Friday, March 19, 2010

The Virtues of Selling

After many years, and being asked hundreds of times by my coaches, “what do you want?”, yesterday I had an answer!

I want everybody around me to sell.

When a person is selling, they have a cause to promote. They are interfacing with another individual. They are putting attention on another person. They are in action, moving something forward. They are sharing a point of view, in order to help another person get something that that other person desires.

So I want everybody around me to sell.

Some sour alternatives to everybody selling: people in their heads, complaining about problems or people in their life. Being righteous, rather than persuasive, and getting their way by spoiling the party for everyone else. Making other people wrong, instead of finding out what they want and getting it for them.

Been there, done that.

A novel approach would be to adopt something that we love as our preferred topic of conversation. Let that be your preferred topic of conversation with other humanoids. Preferably something that has made a big impact on our lives: a person, place, object, book, piece of music, work of art, animal, restaurant. Karaoke. Belly dancing. Disneyland. Meditating. Your law professor in college. Your junior high English teacher. The dog next door. Find out what has moved you.

Then talk about something that has moved you and really get into it. Tell a story. Entertain yourself and make it a contribution to the person you are speaking to. Go ahead, dare to move them. Invite them to try whatever it is you love. Invite them to find a passionate equivalent in their experience. The main thing is to get your energy across to them.

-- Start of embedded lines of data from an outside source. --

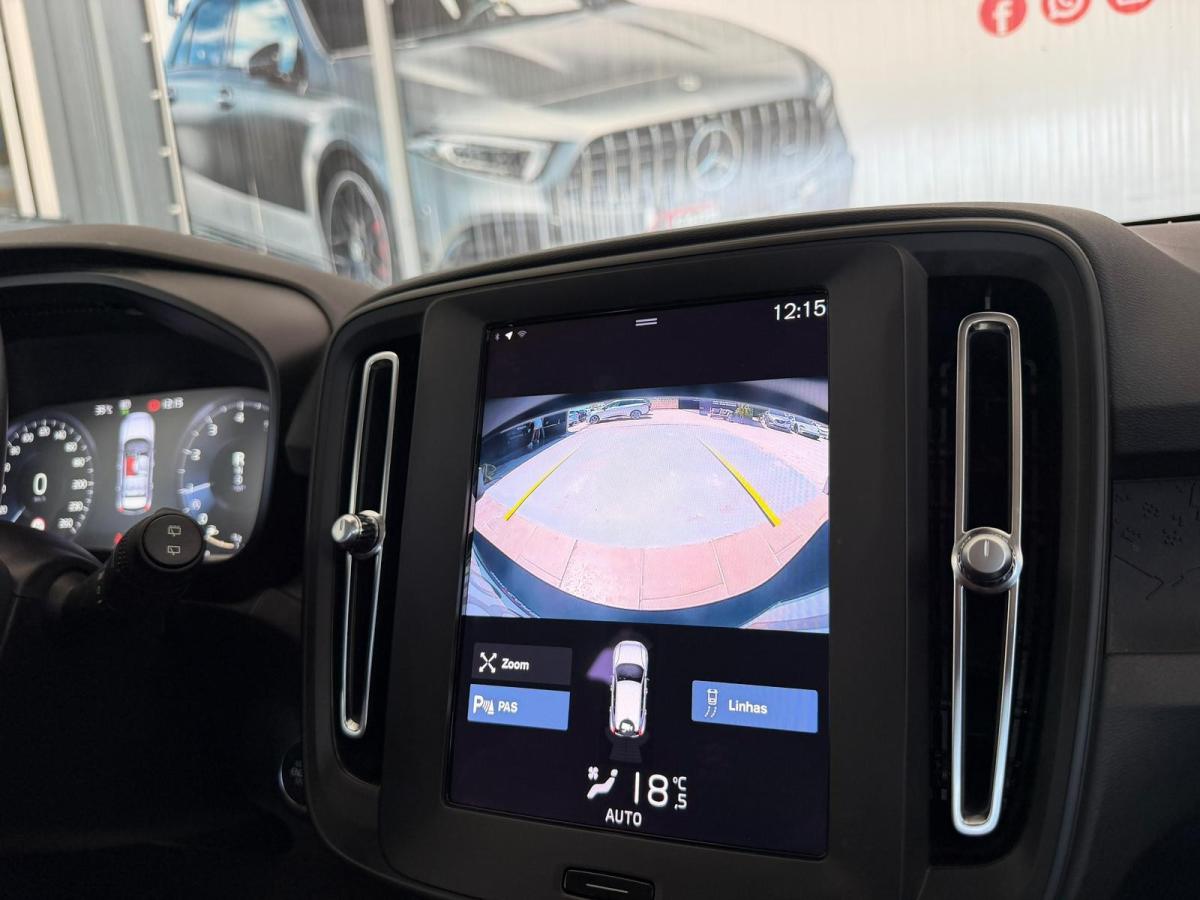 volvo-xc40-2023-gasolina-1477cc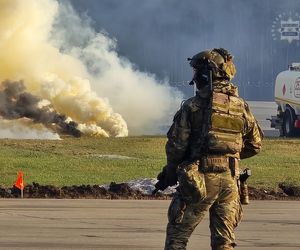 Awaryjne lądowanie samolotu pasażerskiego z terrorystami na pokładzie. Widowiskowe ćwiczenia służb na lotnisku w Katowicach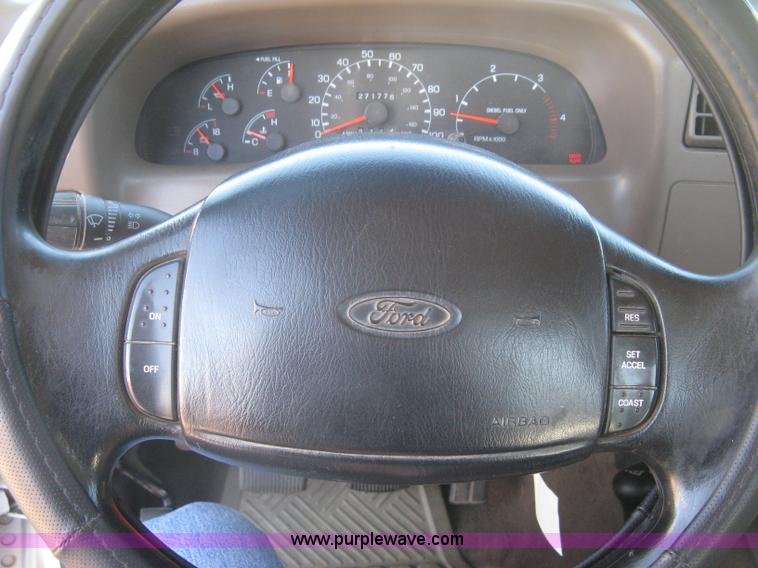 image for item L6419 1999 Ford F350 Super Duty XLT SuperCab pickup truck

There is no energy shortage. All there is: either giving energy or being an energy vampire. Let’s voluntarily cut back on complaining, whining, gossiping and criticizing and instead, let’s sell. Surveys have shown that the happiest people in the world are salespeople, (above doctors and lawyers, even).

So stop comparing and get selling!

2 comments:

  1. I like that. A novel approach to selling.

    ReplyDelete
  2. Karen, you might get a big kick out of Milton Friedman's book "Free to Choose" (http://bit.ly/aXaxwE) if you haven't already read it. A few choice bits: "if an exchange between two parties is voluntary, it will not take place unless both believe they will benefit from it. Most economic fallacies derive from the neglect of this simple insight, from the tendency to assume that there is a fixed pie, that one party can gain only at the expense of another... Adam Smith's flash of genius was his recognition that the prices that emerged from voluntary exchanges between buyers and sellers--for short, in a free market--could coordinate the activity of millions of people, each seeking his own interest, in such a way as to make everyone better off."